Его брат Александр Яковлевич ведал московской почтой. Оба вскрывали письма и оба самым ласковым образом принимались в аристократических гостиных того времени. Причем не столько из страха, сколько из любопытства. Да-да, Булгаковы, как гоголевский Почтмейстер, могли прочитать собравшимся отрывки из самых интересных посланий.
В пьесе поведением Шпекина недоволен один Ляпкин-Тяпкин: масоны много писали о морали. «Достанется вам когда-нибудь за это», — говорит он. Причем слова обращены не только к Почтмейстеру, но и к Городничему — порицаются не одни исполнители, но и заказчик. То есть государство. Однако пока общество само не находило ничего предосудительного в подобных поступках, проповеди падали в пустоту. Голод на информацию оказывался сильнее морали.
В этом смысле любопытны образы городских сплетников Бобчинского и Добчинского — этих Тру-ля-ля и Тра-ля-ля русской сцены. Братья Булгаковы отдали часть своих черт и им. «Лгуны проклятые! — бранит их Сквозник-Дмухановский. — …Трещотки… сороки короткохвостые!»
Таким людям среди скуки провинциальной жизни долго прощали нарушение норм морали. Изменить ситуацию могли только регулярно приходящие газеты и журналы. А последние мало кем читались за пределами столиц. «Губернатор Камчатки… получал газеты лишь дважды в год… — рассказывал своим английским читателям Александер. — Как только приходила почта, он раскладывал газеты по числам и ежедневно за завтраком прочитывал „свежую“, узнавая новости годичной давности… Генерал рассказывал, что он так переживал события, описанные в газете, будто они происходят в настоящий момент»[480].
«Дело семейственное»
Бенкендорф предписывал вскрывать письма попавших под надзор с крайней аккуратностью. Помимо желания сохранить тайну, ему как человеку «безусловно благородному» (слова Пушкина) могла претить явность подобной практики. Но что же делать, если лучшим растворителем клея оказалась моча? «Письма теряли свежий вид». Это еще мягко сказано.

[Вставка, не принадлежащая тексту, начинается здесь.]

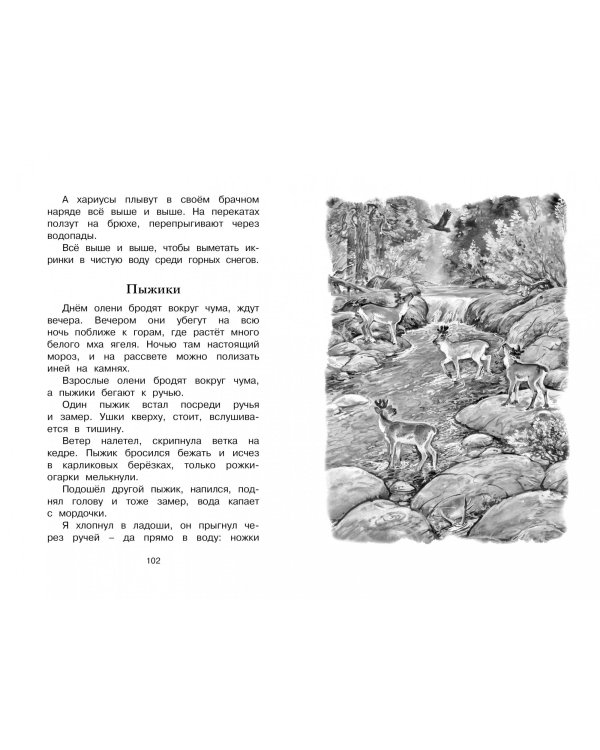 Беспокойный хвостик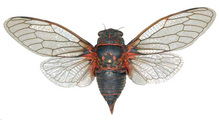 <em>T. quadrisignata</em>, male, France - photo J. Sueur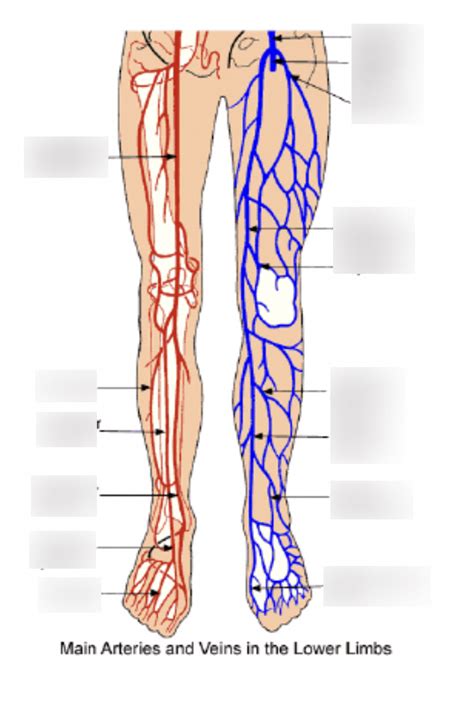 Arteries And Veins Of The Lower Limb Diagram Quizlet Arteries And Veins Of The Lower Limb Diagram Quizlet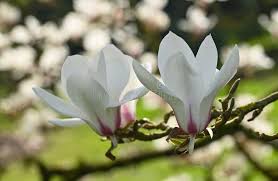 Attēlu rezultāti vaicājumam “Magnolia cylindrica”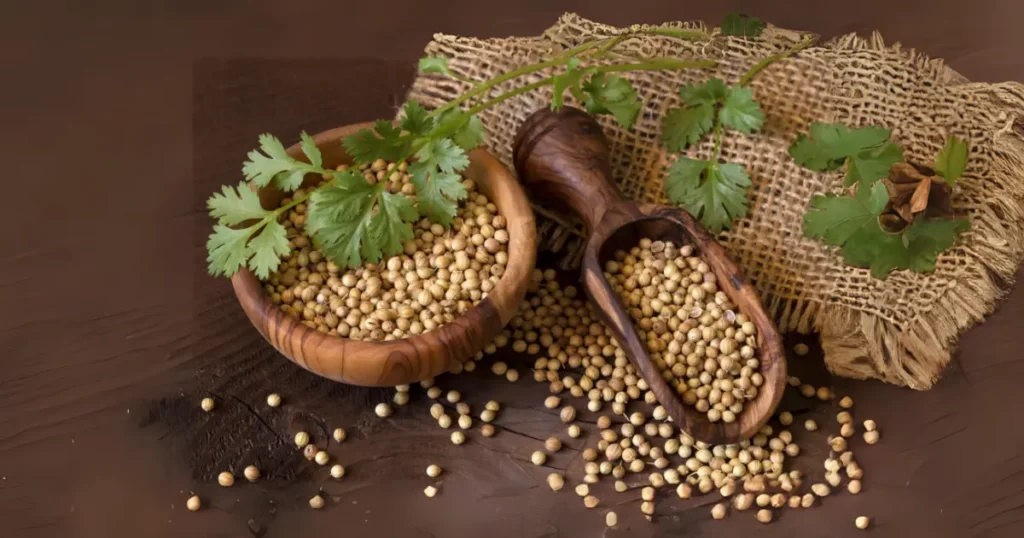 Coriander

Сомнительность поступков Почтмейстера в «Ревизоре» была для всех очевидна. Но как обойтись без них, не знали. И успокаивали себя тем, что полученные сведения не будут употреблены во зло. На порицания Ляпкина-Тяпкина Городничий возражает: «Ничего, ничего. Другое дело, если бы из этого публичное что-нибудь сделали, но ведь это дело семейственное». Не в смысле родственное, а в смысле: все мы большая семья уездных чиновников, между нами можно…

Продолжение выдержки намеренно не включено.